NFL broadcasts of Philadelphia Eagles games are full of shots of the opposing team’s defense struggling to catch its breath. The announcers often discuss how Chip Kelly’s fluid, no-huddle offense wears out the other team’s defense due to its pace–even though the Eagle’s time of possession tends to be lower than that of offenses of otherwise similar quality.

2 Answers


  1. The offensive players probably practice this way all the time. While the defensive players may only practice this at some times or never.

  2. During a run play the offense has 9 guys blocking, one guy doing nothing (QB), and one guy running hard. On defense you have 11 defenders fighting through blocks trying to sprint to the ball. This is much harder work.

  3. During a pass play you have 5-6 guys standing next to each other blocking (easier than run blocking for lineman). You have 4-6 defensive players trying their hardest to get around these blockers. This may be the most strenuous and tiring activity there is on a football field. At the same time you have WRs running routes – at most 2 of these are deep routes. The defenders are expending more energy covering them because they don’t know where they are going. (Equivalent to basketball where playing D is more tiring than running an offense)

  4. These schemes run players off and on the field quickly. I ran one for several years at a high school. I almost felt bad because no matter how good the other players were the coaches weren’t prepared and gave their team no chance. Your defensive substitutions need to be spot on. [In the NFL there are rules regulating offensive substitutions, in that the offense must give the defense time to make a substitution without worrying about too many men on the field]

  5. With any offense, even the most sluggishly ran, the offense will wear down the defense faster than it wears down itself. Running at a faster pace just accelerates all of this.

  6. The defensive coaches are so worried about the frantic pace that they don’t do their basic jobs. They are worried about their players being tired and substitutions and they aren’t seeing how the other team is scheming them. This is really the genius of the up tempo. That people are so quick to blame the quick tempo on the success of the offense that they don’t look at the schemes being used to execute.

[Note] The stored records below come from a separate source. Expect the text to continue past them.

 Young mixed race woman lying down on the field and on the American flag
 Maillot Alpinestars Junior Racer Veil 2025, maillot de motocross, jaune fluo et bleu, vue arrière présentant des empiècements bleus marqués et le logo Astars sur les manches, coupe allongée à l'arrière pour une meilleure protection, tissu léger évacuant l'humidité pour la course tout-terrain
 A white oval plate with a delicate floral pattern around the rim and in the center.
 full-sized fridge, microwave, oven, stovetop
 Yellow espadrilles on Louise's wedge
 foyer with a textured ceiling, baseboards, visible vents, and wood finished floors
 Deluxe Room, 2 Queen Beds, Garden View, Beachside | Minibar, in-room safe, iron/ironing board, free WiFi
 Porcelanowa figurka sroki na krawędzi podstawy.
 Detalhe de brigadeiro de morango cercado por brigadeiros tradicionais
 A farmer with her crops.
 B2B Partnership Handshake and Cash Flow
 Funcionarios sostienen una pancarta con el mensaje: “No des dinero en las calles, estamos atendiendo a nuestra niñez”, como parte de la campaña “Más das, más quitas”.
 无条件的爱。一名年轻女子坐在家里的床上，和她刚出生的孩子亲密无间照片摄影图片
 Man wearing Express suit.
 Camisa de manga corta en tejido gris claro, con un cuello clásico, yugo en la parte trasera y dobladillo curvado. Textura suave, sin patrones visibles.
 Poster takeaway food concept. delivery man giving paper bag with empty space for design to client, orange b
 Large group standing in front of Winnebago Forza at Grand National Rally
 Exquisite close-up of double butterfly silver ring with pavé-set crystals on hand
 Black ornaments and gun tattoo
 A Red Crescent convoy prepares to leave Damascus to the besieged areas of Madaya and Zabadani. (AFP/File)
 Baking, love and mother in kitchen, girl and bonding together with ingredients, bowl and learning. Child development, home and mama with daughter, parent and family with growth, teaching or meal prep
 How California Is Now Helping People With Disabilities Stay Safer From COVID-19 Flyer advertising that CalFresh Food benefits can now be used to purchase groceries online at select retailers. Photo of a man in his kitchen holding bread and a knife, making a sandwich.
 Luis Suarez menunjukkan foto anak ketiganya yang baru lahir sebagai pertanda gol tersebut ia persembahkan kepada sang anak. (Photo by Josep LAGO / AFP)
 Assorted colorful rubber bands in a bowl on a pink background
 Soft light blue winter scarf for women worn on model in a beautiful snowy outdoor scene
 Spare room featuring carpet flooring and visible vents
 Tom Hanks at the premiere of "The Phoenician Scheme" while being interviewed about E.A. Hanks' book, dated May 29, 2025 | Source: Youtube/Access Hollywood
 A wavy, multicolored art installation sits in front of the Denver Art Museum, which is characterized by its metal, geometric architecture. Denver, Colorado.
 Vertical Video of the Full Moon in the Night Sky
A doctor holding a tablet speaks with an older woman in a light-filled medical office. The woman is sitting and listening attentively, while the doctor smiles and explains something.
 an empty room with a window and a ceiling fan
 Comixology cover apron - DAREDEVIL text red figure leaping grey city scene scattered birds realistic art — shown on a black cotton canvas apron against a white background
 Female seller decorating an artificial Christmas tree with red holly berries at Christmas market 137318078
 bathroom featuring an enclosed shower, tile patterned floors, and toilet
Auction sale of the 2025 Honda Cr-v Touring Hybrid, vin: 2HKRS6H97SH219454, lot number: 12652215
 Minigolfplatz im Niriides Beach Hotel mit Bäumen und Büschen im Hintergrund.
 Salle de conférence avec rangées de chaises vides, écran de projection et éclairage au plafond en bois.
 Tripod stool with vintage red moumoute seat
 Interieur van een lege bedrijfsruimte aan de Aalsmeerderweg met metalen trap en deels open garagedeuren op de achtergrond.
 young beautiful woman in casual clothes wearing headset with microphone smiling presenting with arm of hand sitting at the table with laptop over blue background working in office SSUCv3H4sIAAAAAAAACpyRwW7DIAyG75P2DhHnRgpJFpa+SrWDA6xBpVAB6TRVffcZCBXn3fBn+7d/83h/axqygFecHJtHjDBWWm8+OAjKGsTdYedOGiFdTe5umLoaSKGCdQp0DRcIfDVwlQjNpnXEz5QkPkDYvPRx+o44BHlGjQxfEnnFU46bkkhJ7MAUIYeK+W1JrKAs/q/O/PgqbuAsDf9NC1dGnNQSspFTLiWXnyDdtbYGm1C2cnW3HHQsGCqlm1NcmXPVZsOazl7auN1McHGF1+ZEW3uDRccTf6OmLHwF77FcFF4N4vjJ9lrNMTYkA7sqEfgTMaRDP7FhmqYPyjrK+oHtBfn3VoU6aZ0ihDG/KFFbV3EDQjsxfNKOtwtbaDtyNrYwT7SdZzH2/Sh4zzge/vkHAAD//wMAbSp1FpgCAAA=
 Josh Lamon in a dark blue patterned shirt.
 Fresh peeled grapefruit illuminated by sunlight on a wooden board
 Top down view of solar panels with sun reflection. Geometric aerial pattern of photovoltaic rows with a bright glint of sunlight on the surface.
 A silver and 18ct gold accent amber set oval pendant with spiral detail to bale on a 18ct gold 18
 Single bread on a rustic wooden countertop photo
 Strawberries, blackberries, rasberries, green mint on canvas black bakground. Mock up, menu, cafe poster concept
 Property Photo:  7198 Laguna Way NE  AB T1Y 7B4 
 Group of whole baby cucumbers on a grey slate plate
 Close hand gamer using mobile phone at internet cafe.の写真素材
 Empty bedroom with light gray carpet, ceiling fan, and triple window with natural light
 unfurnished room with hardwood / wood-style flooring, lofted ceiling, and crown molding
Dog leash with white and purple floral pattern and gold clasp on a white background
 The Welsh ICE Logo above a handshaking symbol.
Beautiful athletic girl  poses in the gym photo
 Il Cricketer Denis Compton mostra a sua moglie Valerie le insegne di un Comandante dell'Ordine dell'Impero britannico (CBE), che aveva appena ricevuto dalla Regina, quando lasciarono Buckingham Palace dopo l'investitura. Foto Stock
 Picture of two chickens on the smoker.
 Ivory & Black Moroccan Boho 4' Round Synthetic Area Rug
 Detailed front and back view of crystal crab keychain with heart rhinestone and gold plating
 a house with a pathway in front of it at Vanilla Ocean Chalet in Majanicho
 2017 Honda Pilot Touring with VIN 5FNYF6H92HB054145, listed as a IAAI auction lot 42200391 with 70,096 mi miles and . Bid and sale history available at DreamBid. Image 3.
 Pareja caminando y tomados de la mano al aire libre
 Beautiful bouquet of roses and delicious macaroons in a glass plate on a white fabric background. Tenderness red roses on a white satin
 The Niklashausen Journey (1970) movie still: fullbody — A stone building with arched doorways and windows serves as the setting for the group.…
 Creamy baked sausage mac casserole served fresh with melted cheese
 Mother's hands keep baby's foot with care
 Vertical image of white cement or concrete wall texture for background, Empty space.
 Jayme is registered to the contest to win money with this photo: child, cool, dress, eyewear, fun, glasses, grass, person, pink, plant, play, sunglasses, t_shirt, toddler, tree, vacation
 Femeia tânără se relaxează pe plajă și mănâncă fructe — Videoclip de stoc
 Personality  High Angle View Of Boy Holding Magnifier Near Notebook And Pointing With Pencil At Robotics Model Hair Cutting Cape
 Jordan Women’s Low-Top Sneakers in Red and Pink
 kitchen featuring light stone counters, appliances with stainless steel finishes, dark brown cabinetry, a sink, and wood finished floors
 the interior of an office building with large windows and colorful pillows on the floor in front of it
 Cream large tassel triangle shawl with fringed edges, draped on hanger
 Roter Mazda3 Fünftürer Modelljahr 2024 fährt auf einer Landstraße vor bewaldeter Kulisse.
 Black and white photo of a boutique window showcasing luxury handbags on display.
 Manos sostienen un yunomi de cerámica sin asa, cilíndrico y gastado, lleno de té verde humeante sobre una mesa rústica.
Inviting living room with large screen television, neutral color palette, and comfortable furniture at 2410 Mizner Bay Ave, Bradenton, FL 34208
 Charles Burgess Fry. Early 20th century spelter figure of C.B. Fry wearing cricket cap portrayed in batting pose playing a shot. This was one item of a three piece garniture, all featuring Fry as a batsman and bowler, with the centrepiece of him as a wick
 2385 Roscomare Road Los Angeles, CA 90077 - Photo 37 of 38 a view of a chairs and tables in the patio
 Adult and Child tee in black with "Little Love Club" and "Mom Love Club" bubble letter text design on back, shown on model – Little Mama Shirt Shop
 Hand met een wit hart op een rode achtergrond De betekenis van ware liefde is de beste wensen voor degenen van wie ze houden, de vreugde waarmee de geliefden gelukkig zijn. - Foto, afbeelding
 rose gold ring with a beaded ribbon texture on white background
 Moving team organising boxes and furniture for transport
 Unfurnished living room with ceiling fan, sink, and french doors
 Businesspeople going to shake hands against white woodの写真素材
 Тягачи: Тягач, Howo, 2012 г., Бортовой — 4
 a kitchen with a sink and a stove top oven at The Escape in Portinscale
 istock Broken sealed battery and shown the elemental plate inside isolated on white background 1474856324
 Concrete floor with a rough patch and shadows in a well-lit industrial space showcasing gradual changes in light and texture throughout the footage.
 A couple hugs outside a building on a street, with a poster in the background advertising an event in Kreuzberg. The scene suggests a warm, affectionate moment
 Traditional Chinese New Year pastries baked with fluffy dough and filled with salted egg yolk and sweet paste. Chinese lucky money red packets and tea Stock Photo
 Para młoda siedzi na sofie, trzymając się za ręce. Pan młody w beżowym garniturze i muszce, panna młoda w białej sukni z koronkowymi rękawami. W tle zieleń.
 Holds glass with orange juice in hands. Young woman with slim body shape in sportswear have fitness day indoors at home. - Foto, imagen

  7. There are however teams just not with enough coaching/football IQ that don’t get it. You run up to the line on a quick snap and the other team LBs are still looking at coaches for signals. This does happen in the NFL too. I have seen the Patriots line up for sneaks 7-8 seconds after the previous play and the d-line isn’t even set. Guess what they have done it 50 times. Why aren’t your players ready? I blame this 90% on the coaches.